A few days ago we shipped an MCP server, automatic pipelines, and a rebuilt WordPress integration. This release goes further. It changes what Publisher is. Until now Publisher was a place to write and schedule content. After this release it works as a data-driven content engine: it tracks how your content actually performs, uses those results to guide what the AI drafts and when it schedules, and exposes the whole platform through an API.
There are eight large changes here. They are easier to understand as a loop than as a list. Analytics captures what works. The AI applies those lessons to your timing and your drafts. The new composer and calendar make it fast to refine and oversee. The API wires it all into your other tools. Here is what changed and why it matters.
Analytics that cover your whole presence, not just Publisher
Publisher now tracks real performance data across three tiers, for content you publish through Publisher and for content already living on your connected accounts.

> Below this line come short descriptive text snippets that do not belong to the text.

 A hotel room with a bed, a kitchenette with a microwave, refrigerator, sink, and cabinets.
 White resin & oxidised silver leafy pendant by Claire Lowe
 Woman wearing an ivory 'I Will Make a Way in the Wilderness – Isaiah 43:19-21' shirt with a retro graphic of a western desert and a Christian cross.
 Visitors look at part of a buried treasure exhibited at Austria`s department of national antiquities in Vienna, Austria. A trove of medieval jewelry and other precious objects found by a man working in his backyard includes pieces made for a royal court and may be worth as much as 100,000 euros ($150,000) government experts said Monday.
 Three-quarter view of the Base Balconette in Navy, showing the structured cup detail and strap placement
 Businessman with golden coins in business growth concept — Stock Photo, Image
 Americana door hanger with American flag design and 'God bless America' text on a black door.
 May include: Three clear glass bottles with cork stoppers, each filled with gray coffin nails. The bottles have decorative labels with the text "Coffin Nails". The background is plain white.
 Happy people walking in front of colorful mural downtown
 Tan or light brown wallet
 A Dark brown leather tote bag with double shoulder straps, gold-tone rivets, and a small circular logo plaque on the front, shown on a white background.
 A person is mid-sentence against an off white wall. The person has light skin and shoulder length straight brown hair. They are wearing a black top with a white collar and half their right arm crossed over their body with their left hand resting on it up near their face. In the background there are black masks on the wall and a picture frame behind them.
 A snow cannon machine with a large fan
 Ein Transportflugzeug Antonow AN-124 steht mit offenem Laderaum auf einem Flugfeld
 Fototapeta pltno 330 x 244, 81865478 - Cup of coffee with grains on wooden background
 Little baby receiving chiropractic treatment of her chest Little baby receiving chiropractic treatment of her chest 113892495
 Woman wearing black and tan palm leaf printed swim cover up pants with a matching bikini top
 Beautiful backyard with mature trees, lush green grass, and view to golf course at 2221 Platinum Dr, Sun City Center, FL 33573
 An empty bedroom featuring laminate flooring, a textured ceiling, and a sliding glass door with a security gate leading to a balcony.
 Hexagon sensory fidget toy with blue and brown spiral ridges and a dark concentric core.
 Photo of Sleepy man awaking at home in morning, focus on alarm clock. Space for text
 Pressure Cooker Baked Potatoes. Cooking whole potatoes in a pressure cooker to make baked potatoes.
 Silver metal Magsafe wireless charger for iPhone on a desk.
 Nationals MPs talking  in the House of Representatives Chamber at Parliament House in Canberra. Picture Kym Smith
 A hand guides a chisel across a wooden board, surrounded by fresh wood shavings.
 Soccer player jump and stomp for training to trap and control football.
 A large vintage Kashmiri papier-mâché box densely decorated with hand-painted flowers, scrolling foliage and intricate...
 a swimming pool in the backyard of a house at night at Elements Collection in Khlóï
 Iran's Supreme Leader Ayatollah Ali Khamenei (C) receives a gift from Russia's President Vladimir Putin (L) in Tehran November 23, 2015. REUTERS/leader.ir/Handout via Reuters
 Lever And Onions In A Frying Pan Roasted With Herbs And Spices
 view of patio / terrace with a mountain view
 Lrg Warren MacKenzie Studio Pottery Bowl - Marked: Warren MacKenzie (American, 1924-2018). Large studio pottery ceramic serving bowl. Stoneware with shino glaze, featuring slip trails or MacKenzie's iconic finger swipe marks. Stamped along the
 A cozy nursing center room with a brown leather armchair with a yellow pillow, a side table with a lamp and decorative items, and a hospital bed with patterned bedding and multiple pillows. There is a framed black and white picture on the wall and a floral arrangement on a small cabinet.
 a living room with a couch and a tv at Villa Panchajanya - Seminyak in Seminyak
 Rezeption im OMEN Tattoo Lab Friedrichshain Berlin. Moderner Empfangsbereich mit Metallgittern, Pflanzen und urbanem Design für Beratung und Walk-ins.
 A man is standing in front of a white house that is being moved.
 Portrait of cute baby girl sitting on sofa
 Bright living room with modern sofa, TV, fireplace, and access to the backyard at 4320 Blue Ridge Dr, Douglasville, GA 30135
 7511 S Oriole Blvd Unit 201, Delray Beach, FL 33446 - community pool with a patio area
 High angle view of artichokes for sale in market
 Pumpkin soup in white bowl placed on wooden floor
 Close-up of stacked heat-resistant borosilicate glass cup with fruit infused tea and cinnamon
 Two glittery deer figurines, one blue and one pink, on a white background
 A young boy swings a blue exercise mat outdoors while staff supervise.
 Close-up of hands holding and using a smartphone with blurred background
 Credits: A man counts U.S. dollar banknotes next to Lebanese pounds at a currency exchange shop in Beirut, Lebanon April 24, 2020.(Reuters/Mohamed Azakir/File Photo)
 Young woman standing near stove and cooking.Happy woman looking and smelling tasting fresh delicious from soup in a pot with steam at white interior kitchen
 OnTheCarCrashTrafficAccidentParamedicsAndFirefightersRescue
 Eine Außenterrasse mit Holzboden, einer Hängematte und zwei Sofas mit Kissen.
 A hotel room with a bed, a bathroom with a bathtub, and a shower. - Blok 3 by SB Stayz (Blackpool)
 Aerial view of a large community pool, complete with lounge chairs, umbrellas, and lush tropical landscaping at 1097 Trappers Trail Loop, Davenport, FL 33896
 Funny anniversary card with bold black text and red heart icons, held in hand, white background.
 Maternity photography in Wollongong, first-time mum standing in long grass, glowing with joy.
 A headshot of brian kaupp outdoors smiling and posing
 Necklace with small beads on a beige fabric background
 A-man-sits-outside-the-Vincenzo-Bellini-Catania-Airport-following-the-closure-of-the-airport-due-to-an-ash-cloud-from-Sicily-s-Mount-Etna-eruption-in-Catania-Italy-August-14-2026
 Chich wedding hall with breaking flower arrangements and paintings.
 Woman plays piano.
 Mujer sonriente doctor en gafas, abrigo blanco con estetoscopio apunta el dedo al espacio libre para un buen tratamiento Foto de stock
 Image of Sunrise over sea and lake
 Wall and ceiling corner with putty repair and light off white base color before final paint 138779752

Post performance covers likes, comments, shares, impressions or views, and clicks per post. These sync on a decaying schedule – hourly for the first day, daily through 30 days, then stopped to conserve API quota – with historical snapshots so you can see how a post grew over time. Account-level metrics track followers, following, and post counts per connected account, synced daily, so you can watch audience growth even before you publish anything new. For WordPress sites, blog traffic brings in page views, unique visitors, and a traffic-source breakdown via Google Analytics or Plausible, including how much of your blog traffic comes from social referrals.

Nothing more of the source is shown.